Flash Fiction: Holding On
The Monday morning light glimmered off the chandelier and the birds sang in its arrival. A new day. My eyes were not even accustomed to the light before I thought of Gary, and the sun’s rays suddenly seemed mocking and sinful. I dropped my head back onto the pillow and groaned, pulling up the covers over my face not knowing whether it was because I couldn’t face the brightness in the room, or the truth that he was dead.

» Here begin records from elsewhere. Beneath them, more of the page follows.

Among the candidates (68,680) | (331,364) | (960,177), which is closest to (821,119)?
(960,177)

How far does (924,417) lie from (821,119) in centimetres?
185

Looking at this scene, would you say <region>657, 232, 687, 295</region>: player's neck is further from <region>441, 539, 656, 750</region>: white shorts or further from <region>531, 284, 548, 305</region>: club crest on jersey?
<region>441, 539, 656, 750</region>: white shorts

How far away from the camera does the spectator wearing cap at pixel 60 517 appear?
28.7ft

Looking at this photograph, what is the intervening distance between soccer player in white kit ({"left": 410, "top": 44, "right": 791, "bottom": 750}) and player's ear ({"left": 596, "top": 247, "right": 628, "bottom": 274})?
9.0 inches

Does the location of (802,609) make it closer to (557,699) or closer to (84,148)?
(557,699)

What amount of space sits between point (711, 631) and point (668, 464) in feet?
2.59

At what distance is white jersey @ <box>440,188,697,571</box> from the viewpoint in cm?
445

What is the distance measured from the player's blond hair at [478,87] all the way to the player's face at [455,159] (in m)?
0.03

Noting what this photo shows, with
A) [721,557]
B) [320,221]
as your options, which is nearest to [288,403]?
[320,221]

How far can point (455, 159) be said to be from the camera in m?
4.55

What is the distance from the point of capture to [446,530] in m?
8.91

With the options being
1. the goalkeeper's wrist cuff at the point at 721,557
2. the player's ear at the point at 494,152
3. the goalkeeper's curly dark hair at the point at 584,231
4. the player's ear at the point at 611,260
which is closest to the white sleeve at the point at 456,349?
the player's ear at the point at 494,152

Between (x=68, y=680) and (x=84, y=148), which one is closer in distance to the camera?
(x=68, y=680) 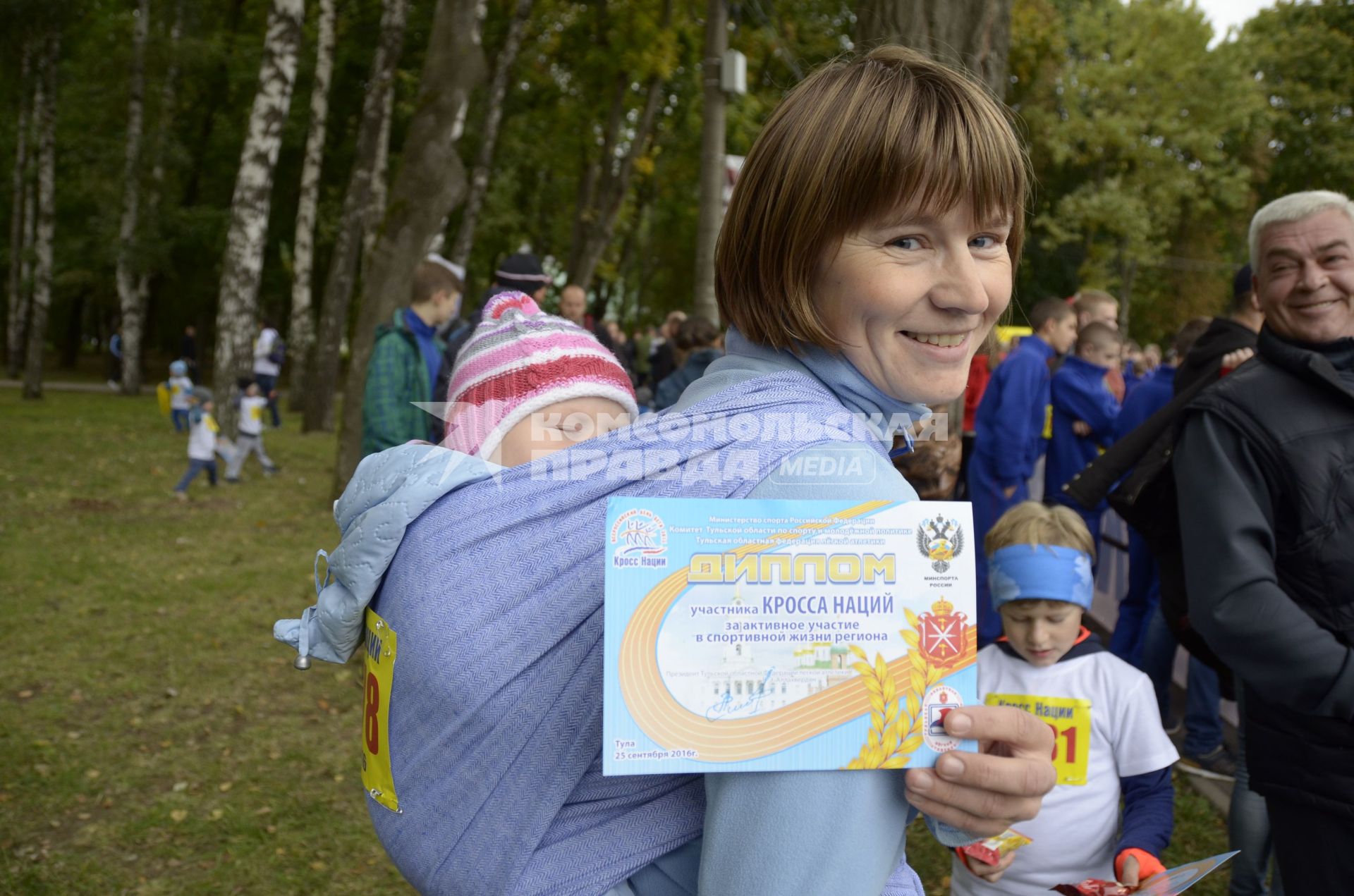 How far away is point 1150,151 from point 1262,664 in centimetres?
3632

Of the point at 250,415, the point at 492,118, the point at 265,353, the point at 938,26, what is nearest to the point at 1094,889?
the point at 938,26

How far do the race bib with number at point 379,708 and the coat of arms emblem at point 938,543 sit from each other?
63cm

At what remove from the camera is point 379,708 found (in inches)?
53.7

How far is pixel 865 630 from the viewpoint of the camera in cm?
110

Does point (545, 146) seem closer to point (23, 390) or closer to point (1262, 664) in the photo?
point (23, 390)

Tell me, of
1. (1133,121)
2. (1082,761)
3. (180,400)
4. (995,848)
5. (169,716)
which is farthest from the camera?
(1133,121)

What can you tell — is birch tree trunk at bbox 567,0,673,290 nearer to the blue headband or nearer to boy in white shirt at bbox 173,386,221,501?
boy in white shirt at bbox 173,386,221,501

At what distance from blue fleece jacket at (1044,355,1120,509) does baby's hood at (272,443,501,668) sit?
640cm

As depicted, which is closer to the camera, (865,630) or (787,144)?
(865,630)

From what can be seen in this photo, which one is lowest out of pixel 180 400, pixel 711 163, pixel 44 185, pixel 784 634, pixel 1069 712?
pixel 180 400

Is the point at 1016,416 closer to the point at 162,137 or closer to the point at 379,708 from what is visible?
the point at 379,708

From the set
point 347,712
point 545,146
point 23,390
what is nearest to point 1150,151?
point 545,146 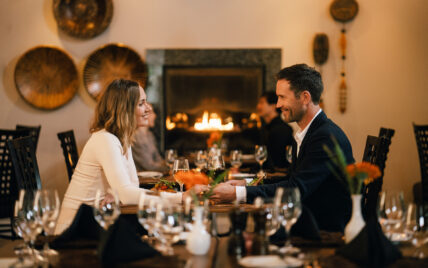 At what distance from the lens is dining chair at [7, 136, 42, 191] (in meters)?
2.77

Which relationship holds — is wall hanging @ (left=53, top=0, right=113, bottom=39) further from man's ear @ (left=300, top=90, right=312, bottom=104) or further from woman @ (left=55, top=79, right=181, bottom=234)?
man's ear @ (left=300, top=90, right=312, bottom=104)

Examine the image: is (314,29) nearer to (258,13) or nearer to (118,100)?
(258,13)

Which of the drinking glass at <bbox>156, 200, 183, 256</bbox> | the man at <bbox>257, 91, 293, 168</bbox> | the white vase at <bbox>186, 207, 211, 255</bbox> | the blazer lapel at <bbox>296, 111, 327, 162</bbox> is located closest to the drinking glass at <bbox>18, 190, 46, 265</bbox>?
the drinking glass at <bbox>156, 200, 183, 256</bbox>

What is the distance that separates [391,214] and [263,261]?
52 centimetres

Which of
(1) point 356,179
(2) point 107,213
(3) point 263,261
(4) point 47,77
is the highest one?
(4) point 47,77

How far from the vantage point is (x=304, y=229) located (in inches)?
79.9

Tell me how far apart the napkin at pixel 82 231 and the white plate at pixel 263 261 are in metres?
0.61

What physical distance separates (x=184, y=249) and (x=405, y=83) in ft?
16.5

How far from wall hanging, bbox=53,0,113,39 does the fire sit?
5.26 feet

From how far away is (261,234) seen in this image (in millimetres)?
1842

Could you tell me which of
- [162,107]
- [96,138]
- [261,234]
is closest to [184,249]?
[261,234]

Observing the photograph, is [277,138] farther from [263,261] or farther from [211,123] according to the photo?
[263,261]

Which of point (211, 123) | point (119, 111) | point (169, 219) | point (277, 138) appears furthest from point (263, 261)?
point (211, 123)

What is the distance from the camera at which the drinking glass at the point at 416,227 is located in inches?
70.7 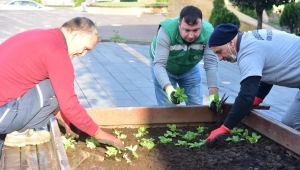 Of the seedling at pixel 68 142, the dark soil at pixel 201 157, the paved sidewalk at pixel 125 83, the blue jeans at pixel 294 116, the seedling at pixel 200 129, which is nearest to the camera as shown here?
the dark soil at pixel 201 157

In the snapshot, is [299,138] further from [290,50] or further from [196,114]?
[196,114]

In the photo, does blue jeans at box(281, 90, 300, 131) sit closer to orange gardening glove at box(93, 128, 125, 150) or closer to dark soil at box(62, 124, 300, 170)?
dark soil at box(62, 124, 300, 170)

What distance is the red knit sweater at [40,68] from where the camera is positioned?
3059 mm

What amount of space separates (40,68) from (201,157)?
1.52 m

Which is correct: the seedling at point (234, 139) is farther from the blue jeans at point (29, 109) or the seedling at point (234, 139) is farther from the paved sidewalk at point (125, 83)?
the paved sidewalk at point (125, 83)

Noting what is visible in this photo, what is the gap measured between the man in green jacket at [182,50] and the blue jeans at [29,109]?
1264 mm

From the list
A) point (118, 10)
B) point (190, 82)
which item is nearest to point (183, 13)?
point (190, 82)

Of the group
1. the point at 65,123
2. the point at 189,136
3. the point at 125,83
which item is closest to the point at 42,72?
the point at 65,123

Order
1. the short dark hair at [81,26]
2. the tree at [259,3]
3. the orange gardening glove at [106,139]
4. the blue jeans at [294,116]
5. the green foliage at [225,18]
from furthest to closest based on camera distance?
the green foliage at [225,18], the tree at [259,3], the blue jeans at [294,116], the orange gardening glove at [106,139], the short dark hair at [81,26]

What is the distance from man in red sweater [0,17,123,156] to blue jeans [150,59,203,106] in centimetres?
169

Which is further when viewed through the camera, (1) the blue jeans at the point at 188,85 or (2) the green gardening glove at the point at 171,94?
(1) the blue jeans at the point at 188,85

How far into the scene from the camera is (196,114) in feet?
15.4

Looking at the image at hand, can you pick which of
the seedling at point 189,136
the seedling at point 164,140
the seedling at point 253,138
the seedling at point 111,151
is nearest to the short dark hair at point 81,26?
the seedling at point 111,151

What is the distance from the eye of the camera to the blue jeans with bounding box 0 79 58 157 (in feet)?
10.7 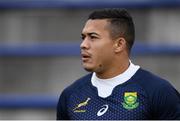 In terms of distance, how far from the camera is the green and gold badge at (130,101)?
4.19m

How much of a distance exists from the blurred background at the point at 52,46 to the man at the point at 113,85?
3.15 metres

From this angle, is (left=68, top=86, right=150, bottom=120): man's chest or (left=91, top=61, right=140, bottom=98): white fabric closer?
(left=68, top=86, right=150, bottom=120): man's chest

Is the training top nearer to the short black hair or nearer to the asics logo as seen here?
the asics logo

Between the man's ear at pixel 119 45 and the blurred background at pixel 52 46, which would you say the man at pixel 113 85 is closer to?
the man's ear at pixel 119 45

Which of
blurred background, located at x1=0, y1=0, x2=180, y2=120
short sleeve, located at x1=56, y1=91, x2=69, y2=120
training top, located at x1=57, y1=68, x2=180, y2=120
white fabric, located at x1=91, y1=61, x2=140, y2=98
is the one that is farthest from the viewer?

Every move I took held that bitter knowing in it. As I splashed water over my face, I felt drenched in pain. As I contemplated breakfast, I felt hungry for companionship. My sanity had died with him. My metaphors and similes had taken such a toll that I felt grateful for a distraction when I heard the letterbox flap open and shut and the scuttle of papers cascade onto the floor.
I hurried my way to the door and lifted the envelopes: John Lewis, Local Council, a postcard, Oran—a postcard? I flicked back nervously and my brain tugged at a distant memory. What did I see? As I found the glossed card, I felt the need to sink to the floor. In the picture, the rich mahogany complimented the pasty tone of a hand that danced on the white keys. A hand I’d recognise anywhere.

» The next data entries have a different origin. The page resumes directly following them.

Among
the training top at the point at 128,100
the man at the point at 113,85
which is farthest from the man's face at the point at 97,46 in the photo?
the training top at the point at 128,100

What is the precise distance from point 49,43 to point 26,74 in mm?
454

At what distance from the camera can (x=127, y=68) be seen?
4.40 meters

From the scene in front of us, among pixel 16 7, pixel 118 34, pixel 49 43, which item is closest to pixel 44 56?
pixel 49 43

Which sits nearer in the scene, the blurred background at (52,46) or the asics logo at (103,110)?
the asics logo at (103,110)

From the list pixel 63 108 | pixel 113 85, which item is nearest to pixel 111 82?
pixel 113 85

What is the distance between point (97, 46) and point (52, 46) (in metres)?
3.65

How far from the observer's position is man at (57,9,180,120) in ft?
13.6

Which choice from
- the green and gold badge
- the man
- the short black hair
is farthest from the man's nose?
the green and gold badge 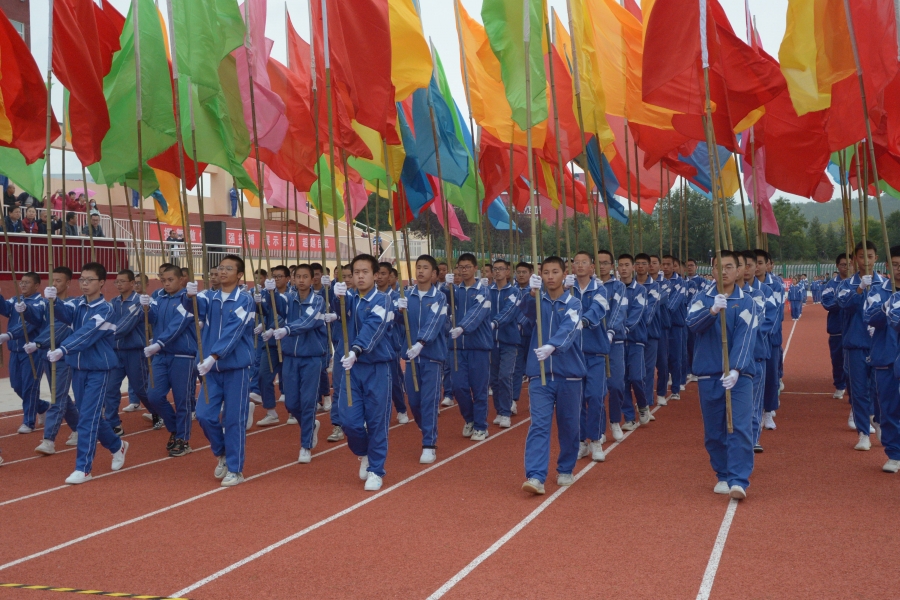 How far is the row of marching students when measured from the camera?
7.41 meters

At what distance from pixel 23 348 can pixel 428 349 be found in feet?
16.8

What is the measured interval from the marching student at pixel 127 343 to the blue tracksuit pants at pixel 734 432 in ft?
18.7

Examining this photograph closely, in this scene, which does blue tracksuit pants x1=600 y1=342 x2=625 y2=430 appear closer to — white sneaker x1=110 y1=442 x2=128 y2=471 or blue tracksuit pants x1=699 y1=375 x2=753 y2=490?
blue tracksuit pants x1=699 y1=375 x2=753 y2=490

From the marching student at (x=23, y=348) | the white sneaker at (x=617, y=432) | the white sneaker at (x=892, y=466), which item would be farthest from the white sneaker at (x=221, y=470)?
the white sneaker at (x=892, y=466)

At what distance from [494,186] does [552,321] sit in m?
6.28

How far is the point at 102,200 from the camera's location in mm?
37000

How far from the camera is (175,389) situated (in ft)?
30.3

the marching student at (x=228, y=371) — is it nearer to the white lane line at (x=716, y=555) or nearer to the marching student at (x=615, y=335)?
the marching student at (x=615, y=335)

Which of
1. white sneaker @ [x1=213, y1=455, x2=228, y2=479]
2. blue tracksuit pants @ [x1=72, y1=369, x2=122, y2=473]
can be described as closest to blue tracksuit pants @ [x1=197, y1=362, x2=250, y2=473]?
white sneaker @ [x1=213, y1=455, x2=228, y2=479]

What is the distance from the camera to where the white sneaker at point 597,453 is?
8.33 meters

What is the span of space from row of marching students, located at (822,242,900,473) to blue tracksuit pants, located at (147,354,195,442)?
6.79 meters

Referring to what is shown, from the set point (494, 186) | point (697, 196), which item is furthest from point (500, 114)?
point (697, 196)

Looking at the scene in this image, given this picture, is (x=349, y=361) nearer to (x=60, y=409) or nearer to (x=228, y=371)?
(x=228, y=371)

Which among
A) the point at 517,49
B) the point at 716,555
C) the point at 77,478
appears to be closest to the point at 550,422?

I whipped the postcard around, forcing my eyes to focus on specific words, trying to make sense of the letters as tears clouded my eyes.
Jane, I’m not dead. 12 am at Berkshire Park. You know where. Gary.

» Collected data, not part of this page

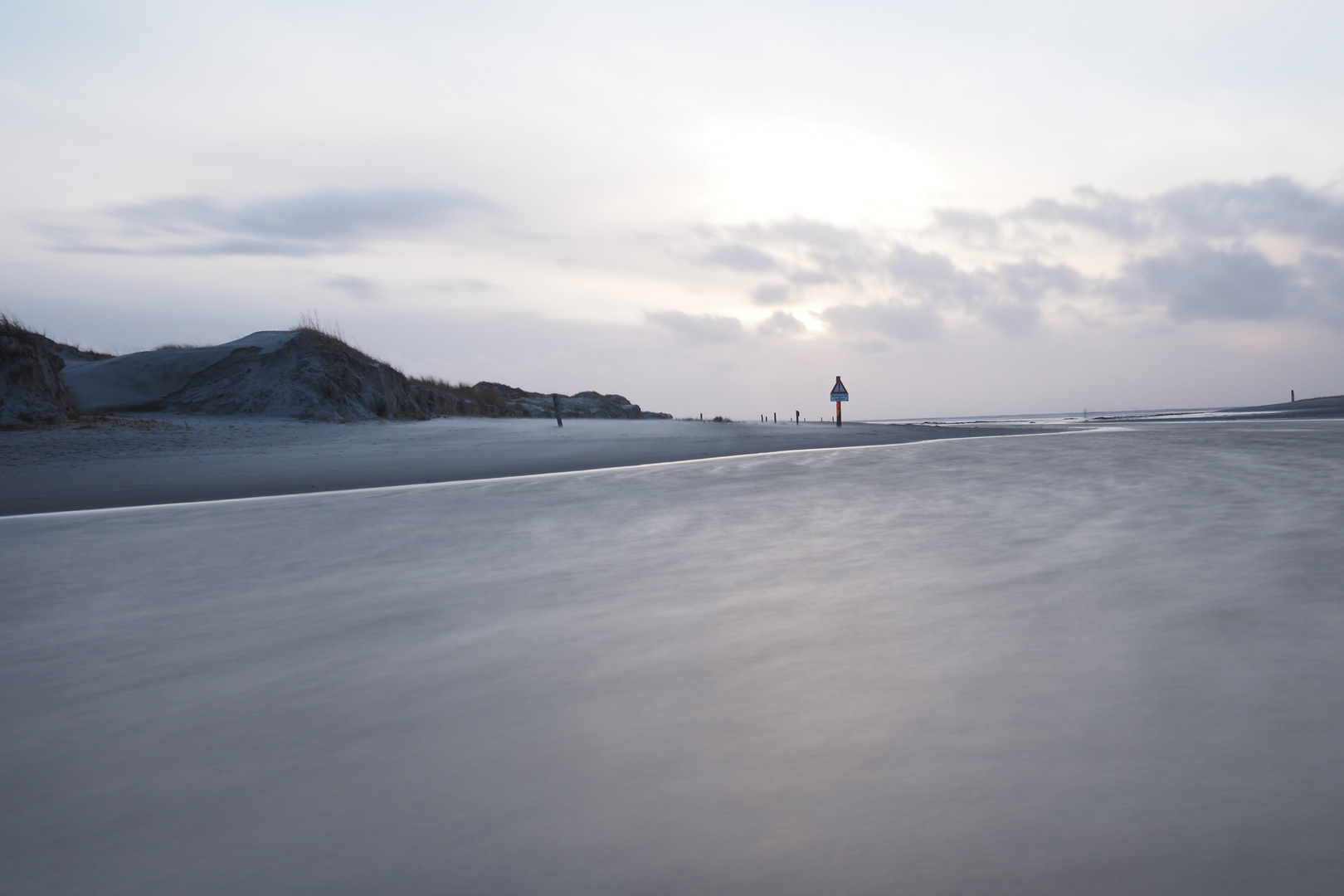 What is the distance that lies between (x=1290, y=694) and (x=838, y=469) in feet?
27.7

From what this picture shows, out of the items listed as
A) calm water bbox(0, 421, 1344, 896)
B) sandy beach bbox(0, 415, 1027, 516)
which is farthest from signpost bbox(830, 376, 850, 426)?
calm water bbox(0, 421, 1344, 896)

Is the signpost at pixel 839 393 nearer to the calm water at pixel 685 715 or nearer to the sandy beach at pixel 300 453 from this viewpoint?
the sandy beach at pixel 300 453

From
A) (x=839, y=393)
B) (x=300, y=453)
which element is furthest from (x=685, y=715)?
(x=839, y=393)

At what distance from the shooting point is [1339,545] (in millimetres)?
4754

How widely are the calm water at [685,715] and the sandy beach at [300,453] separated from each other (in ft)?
13.3

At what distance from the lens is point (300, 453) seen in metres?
13.4

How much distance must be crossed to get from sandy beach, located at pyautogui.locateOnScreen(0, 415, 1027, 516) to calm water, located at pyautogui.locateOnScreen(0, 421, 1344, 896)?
159 inches

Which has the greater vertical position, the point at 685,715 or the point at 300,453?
the point at 300,453

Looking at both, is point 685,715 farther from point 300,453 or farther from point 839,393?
point 839,393

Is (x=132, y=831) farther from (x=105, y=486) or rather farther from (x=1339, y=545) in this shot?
(x=105, y=486)

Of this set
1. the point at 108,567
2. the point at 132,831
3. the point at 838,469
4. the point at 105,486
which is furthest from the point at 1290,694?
the point at 105,486

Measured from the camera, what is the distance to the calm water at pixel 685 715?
1.58 metres

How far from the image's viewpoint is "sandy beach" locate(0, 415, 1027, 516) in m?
Result: 9.24

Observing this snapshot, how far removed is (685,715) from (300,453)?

I glanced at the clock and it read 11.30 am. Screw it, I thought, knowing it’d only take my ten minutes to walk there – what if he gets there early? I took hold of my keys and rushed out the flat and down the flight of stairs, tripping up twice. I questioned myself over and over, frustrated I couldn’t give myself any answers.
I tried to maintain a normal pace as I got to the park, heading almost automatically to the willow tree that had provided shade and privacy to us many times before. I sat down and took the time to look at the postcard again. I ran my fingers over where his pen had touched the card…over where his fingers may have touched the card. Somehow the break that penetrated my heart seemed to grow indefinitely bigger, like a black hole.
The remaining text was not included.